„Kaffee zum Glück“ in Trebnitz

Das Brandenburger Landwirtschaftsministerium stellt regelmäßig ein Förderprojekt in den Mittelpunkt, das aus dem Agrarfonds ELER (Europäischer Landwirtschaftsfonds für die Entwicklung des ländlichen Raumes) unterstützt wird. Das Projekt des Monats Juni zeigt, wie eine restaurierte Remise in Trebnitz (Märkisch-Oderland) zum beliebten Treffpunkt für Einheimische und Besucher wurde.

Das Schloss Trebnitz Bildungs- und Begegnungszentrum e.V. ist eine von sechs Brandenburger Bildungsstätten für die Jugendarbeit. Seit 20 Jahren gehören auch internationale Austauschprojekte, vor allem mit Polen und Osteuropa, zum Programm.

Trebnitz gehört heute zur Stadt Müncheberg. Das Schloss in seiner heutigen Form entstand durch Umbauarbeiten um 1900. Damals wurden an den heutigen Mittelbau die beiden Seitenflügel angebaut. So wurde das schlichte Gutshaus zu einem neubarocken Schloss umgestaltet. Zum Herrenhaus gelangt man über eine repräsentative Zufahrt, die dem Schloss vorgelagert ist.

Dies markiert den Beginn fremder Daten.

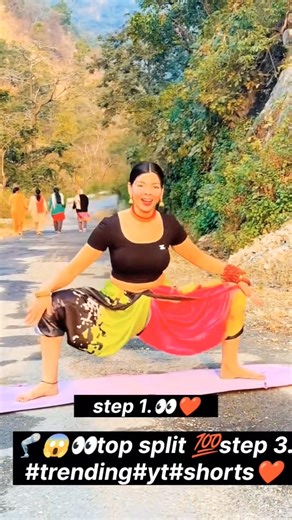 😱🦿Bihar Boy Power Yoga vs Girl 🔥 Fitness Challenge #shorts✅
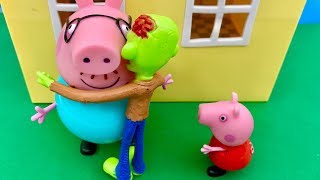 😉 Świnka Peppa 🐖 Kolega Taty Świnki 🐷 Bajka dla dzieci PO POLSKU [upl. by Nitniuq126]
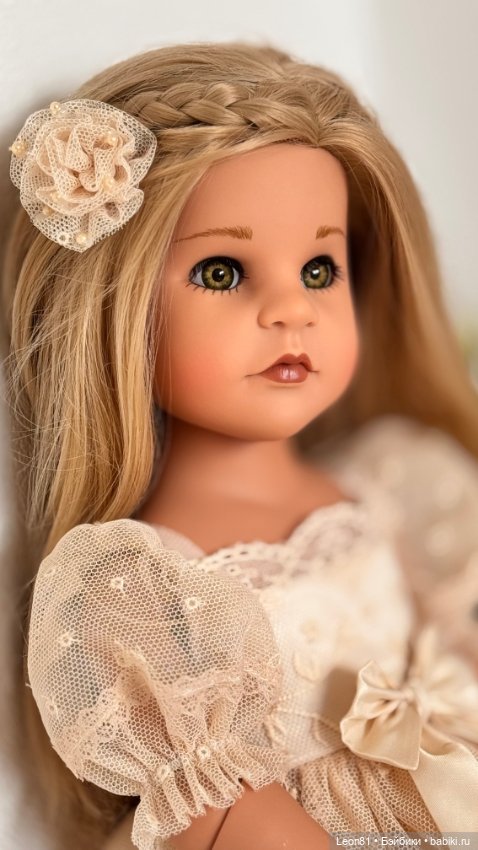 Изысканное платьице для куколок Готц 50 см (фото 3)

Bestandteil der früheren Gutsanlage waren unter anderem das Inspektorenhaus, die Remise, die Schmiede mit der Meierei, die Waschküche, die Stellmacherei, die Brennerei sowie verschiedene Stall‐ und Speichergebäude.

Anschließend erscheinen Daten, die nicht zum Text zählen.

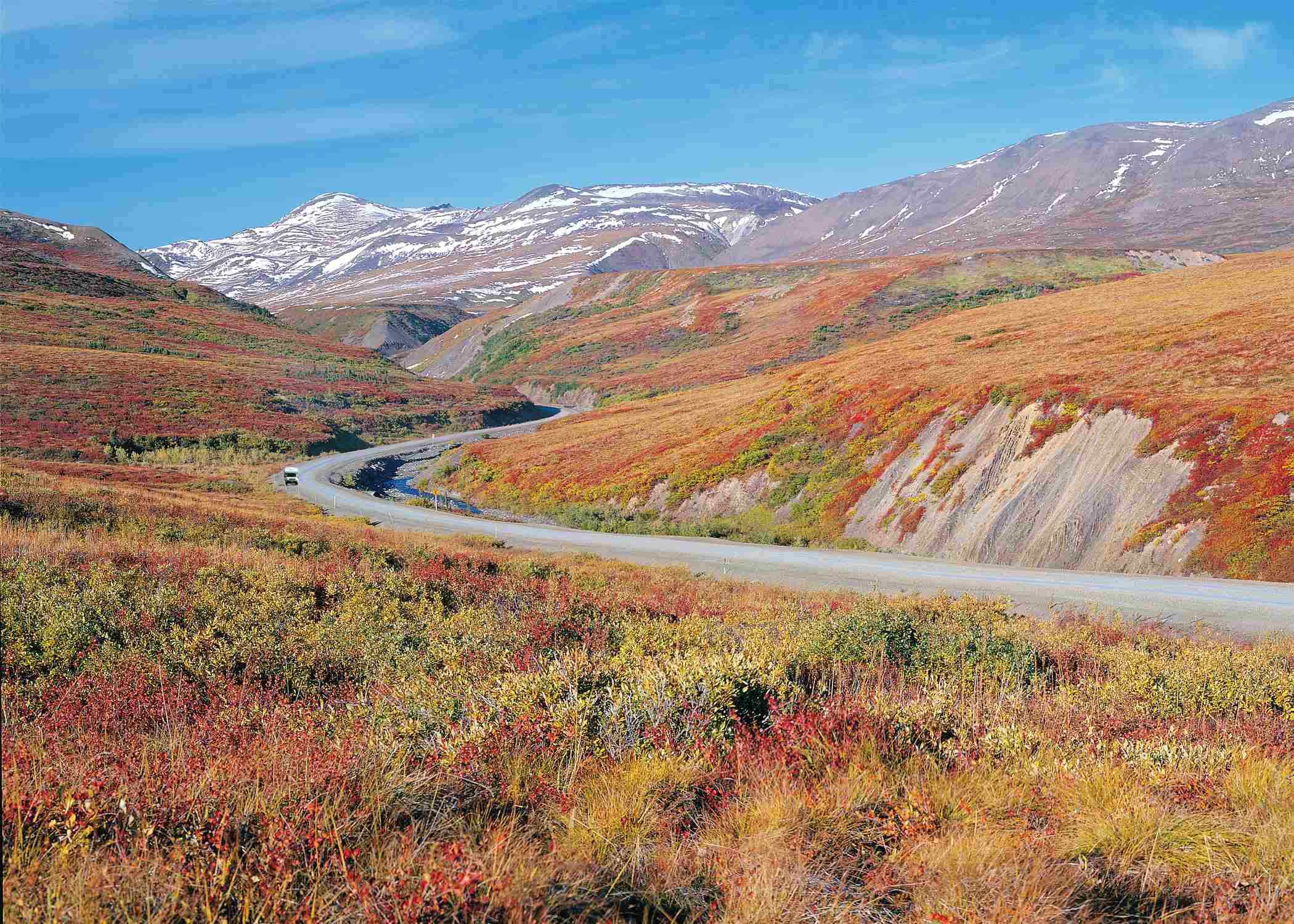 Unterwegs auf dem Dempster Highway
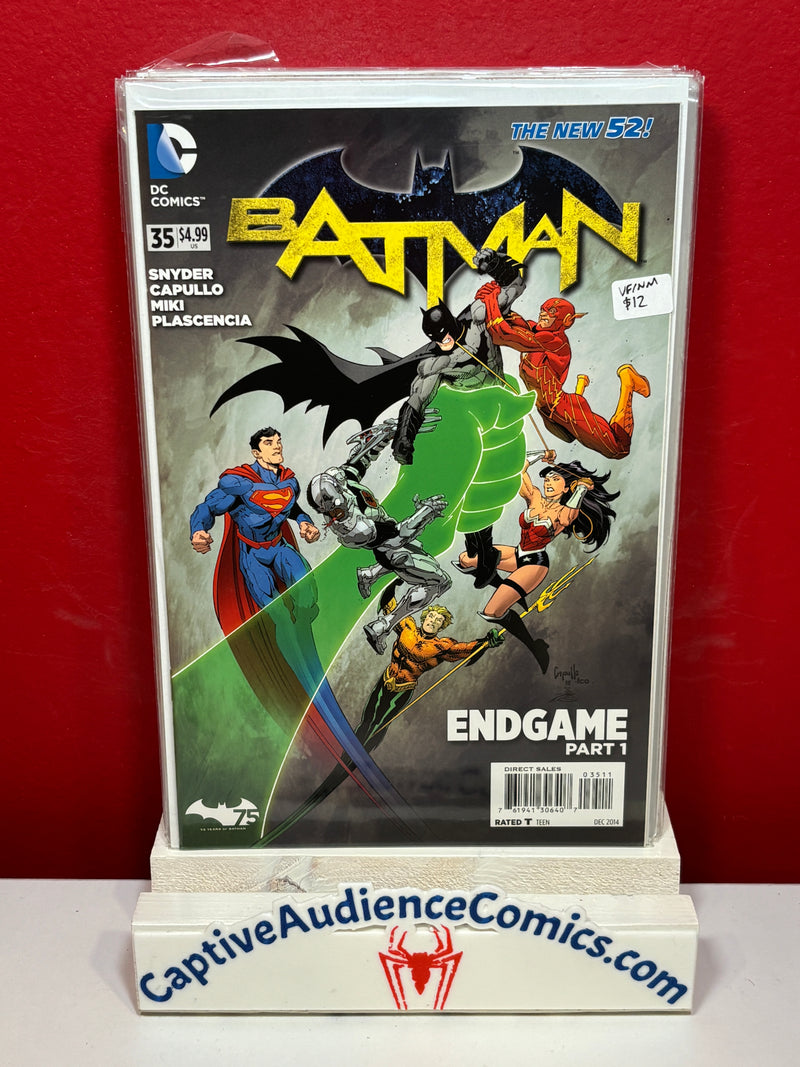 Batman, Vol. 2 #35 - VF/NM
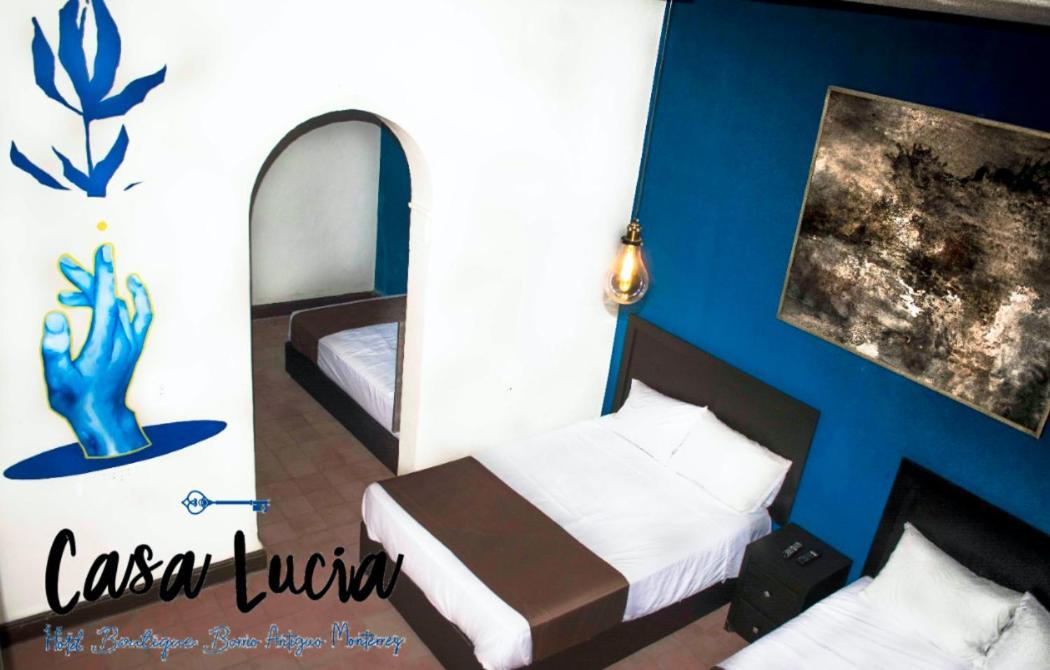 Casa Lucia Hotell Monterrey Exteriör bild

Zu den verschiedenen Projekten im Zusammenhang mit der Bildungs- und Jugendarbeit, die hier bereits in mehreren Etappen umgesetzt werden konnten, gehört gleich im Eingangsbereich die erwähnte Remise, die 2015 saniert und zu einem Dorfladen mit Café und Ausstellungsraum ausgebaut wurde.

Immer wieder wünschten sich die Dorfbewohner einen Treffpunkt für die Ortsansässigen, aber auch als Ziel für die in der wärmeren Jahreszeit zahlreichen Besucher.

Durch den Fernradweg Nummer 1, der mitten durch Trebnitz führt, erreichen den Ort auch Radtouristen in großer Zahl. Die suchten bislang vergebens nach einem gastronomischen Angebot oder einem Info-Punkt, um mehr über das Dorf oder über das Schloss zu erfahren.

Die Remise, die zuvor jahrzehntelang zusehends verfiel, bot sich an. Mittlerweile wurde sie mit Hilfe des Europäischen Agrarfonds ELER umfassend saniert und für die Mieter umgebaut.

Der hier eingerichtete, täglich geöffnete Dorfladen führt ein Warenangebot für den täglichen Bedarf sowie regionale Agrarprodukte.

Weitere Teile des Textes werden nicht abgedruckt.